BEGIN Extracted records
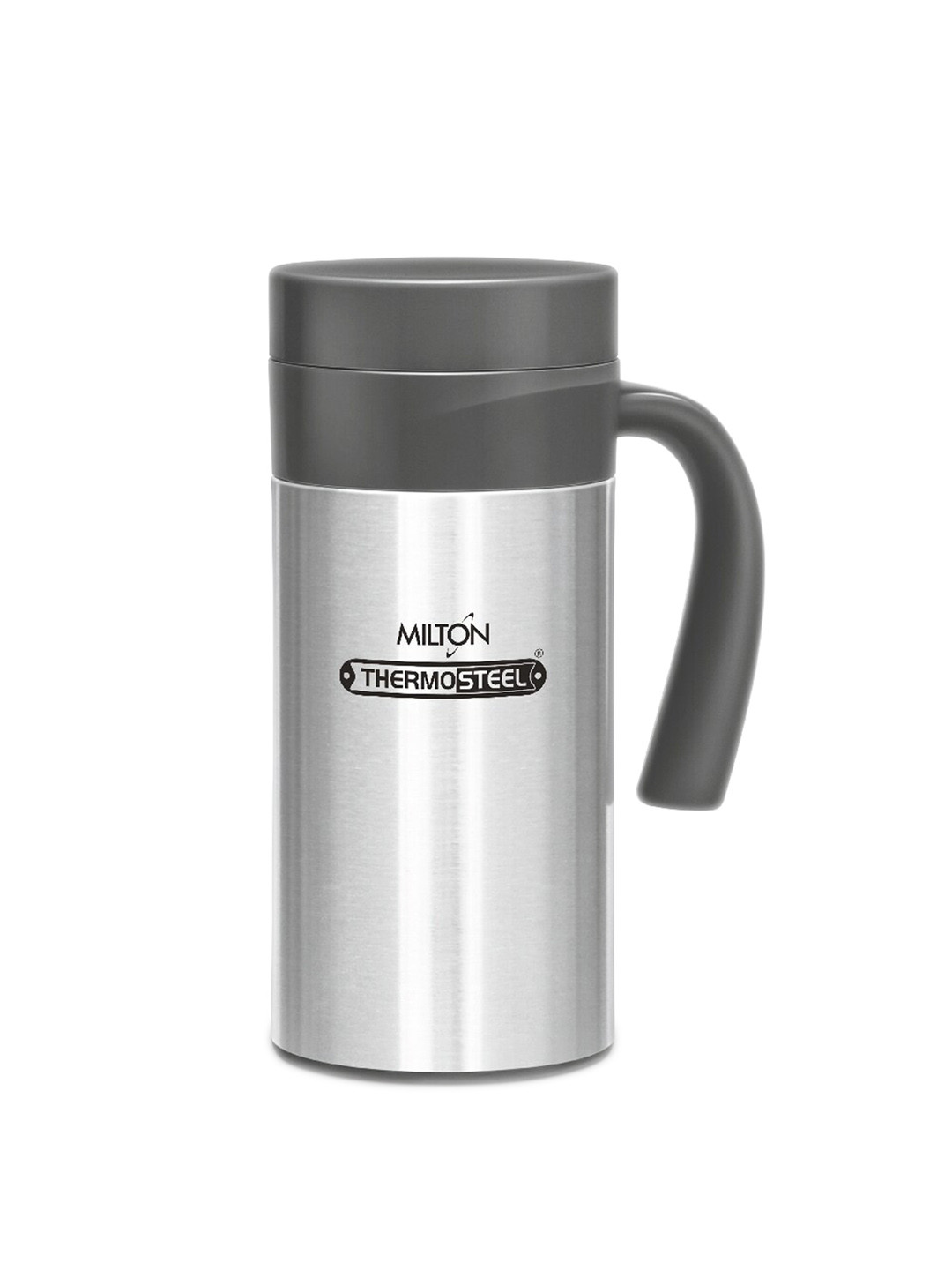 Milton Flagon 400 Thermosteel Hot & Cold Tea Coffee Flask, Silver 
Milton Flagon 400 Thermosteel Hot & Cold Tea Coffee Flask, Silver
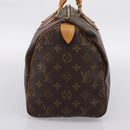 LOUIS VUITTON Monogram Speedy 30 Hand Bag M41526 LV Auth 200911A-4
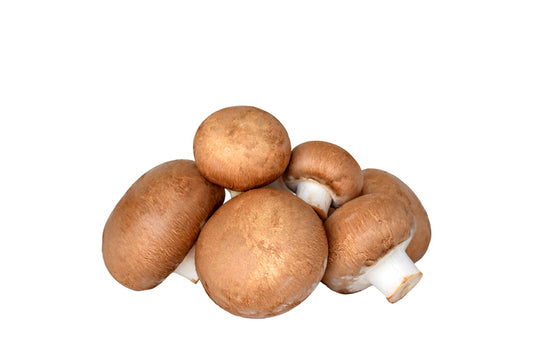 Brown mushrooms 5lb (box)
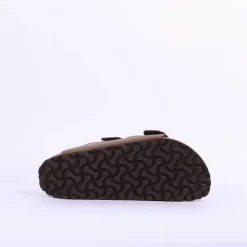 Women Birkenstock Arizona Birko-Flor - Nubuck Mocha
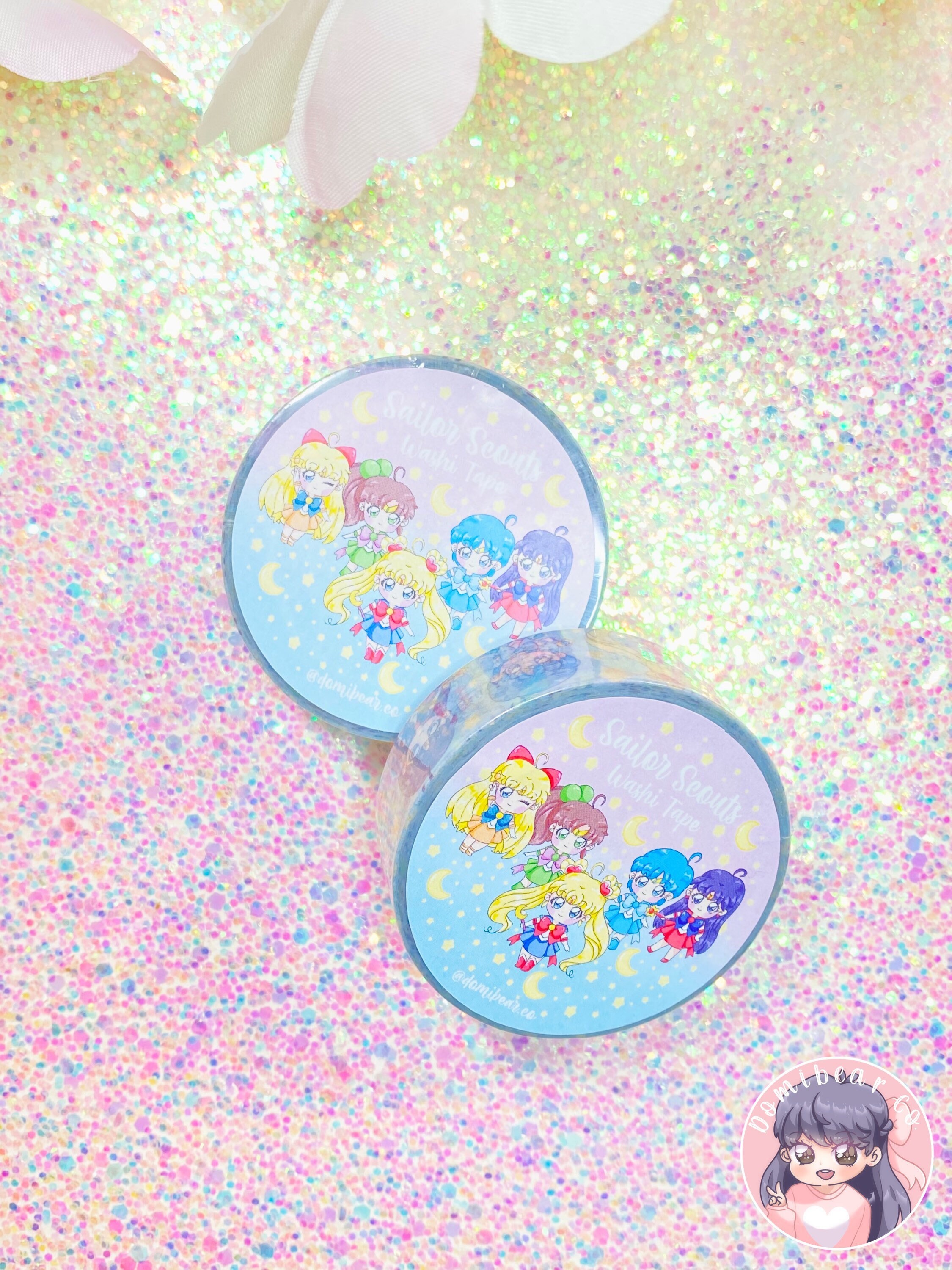 Sailor Moon Washi Tape. Kawaii Washi Tape. Anime Washi Tape. Planner  Decoration. Paper Tape. Planner Supplies. Cute Washi Tape. Anime. 10M ·  Magsterarts · Online Store Powered by Storenvy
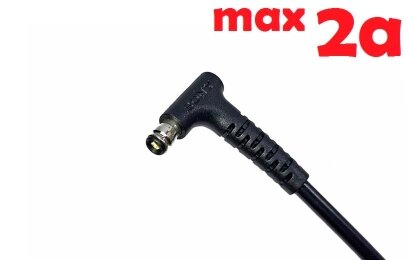 Kolega-Power Dc cable for power adapter 4.9mm (+pin)_0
END Extracted records
• **Exercise**
The pictures stay out of the copy. Set down the entries above precisely.

• **Your response**
 Milton Flagon 400 Thermosteel Hot & Cold Tea Coffee Flask, Silver 
Milton Flagon 400 Thermosteel Hot & Cold Tea Coffee Flask, Silver
 LOUIS VUITTON Monogram Speedy 30 Hand Bag M41526 LV Auth 200911A-4
 Brown mushrooms 5lb (box)
 Women Birkenstock Arizona Birko-Flor - Nubuck Mocha
 Sailor Moon Washi Tape. Kawaii Washi Tape. Anime Washi Tape. Planner  Decoration. Paper Tape. Planner Supplies. Cute Washi Tape. Anime. 10M ·  Magsterarts · Online Store Powered by Storenvy
 Kolega-Power Dc cable for power adapter 4.9mm (+pin)_0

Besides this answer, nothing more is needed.